== Segment start ==
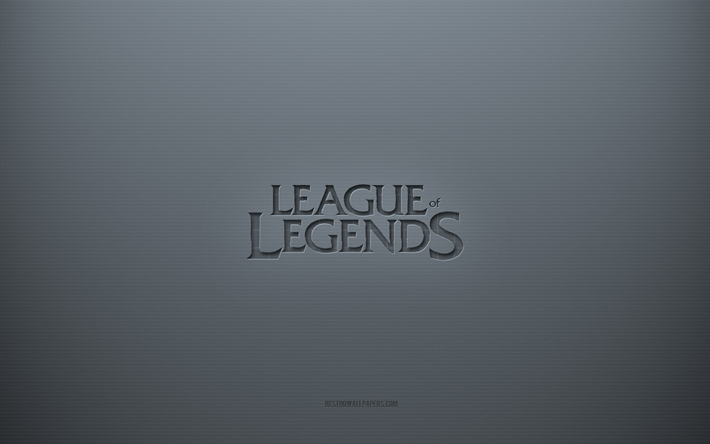 league of legends-logo, grauer kreativer hintergrund, league of legends-emblem, graue papierstruktur, league of legends, grauer hintergrund, league of legends 3d-logo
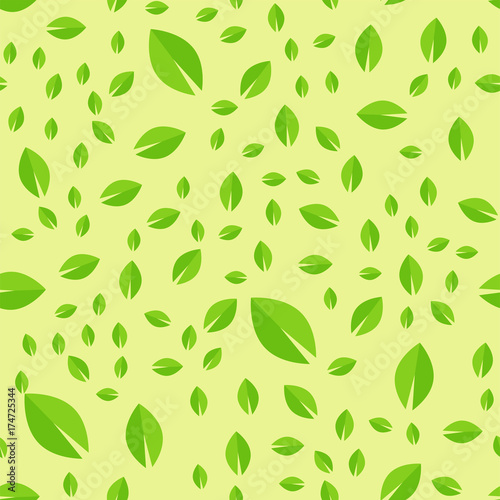 Seamless pattern with green leaves vector illustration nature leaf design floral summer plant textile fashion background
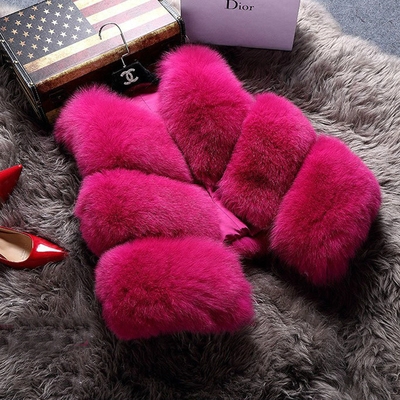 Елегантен дамски есенен и зимен къс елек от изкуствена кожа с имитация на лисица - бял, розов, червен, черен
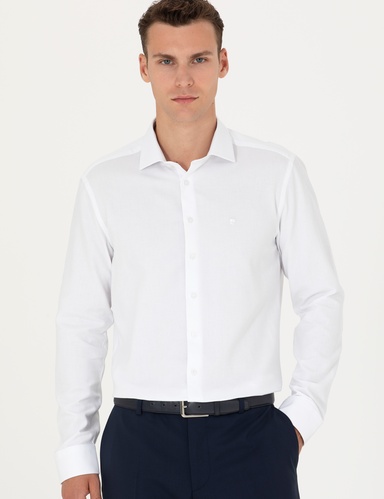 Beyaz Slim Fit Uzun Kollu Gömlek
== Segment end ==
REQUIRED WORK: Your copy should match the listing exactly, apart from the pictures it leaves out.

WRITTEN REPLY:
 league of legends-logo, grauer kreativer hintergrund, league of legends-emblem, graue papierstruktur, league of legends, grauer hintergrund, league of legends 3d-logo
 Seamless pattern with green leaves vector illustration nature leaf design floral summer plant textile fashion background
 Елегантен дамски есенен и зимен къс елек от изкуствена кожа с имитация на лисица - бял, розов, червен, черен
 Beyaz Slim Fit Uzun Kollu Gömlek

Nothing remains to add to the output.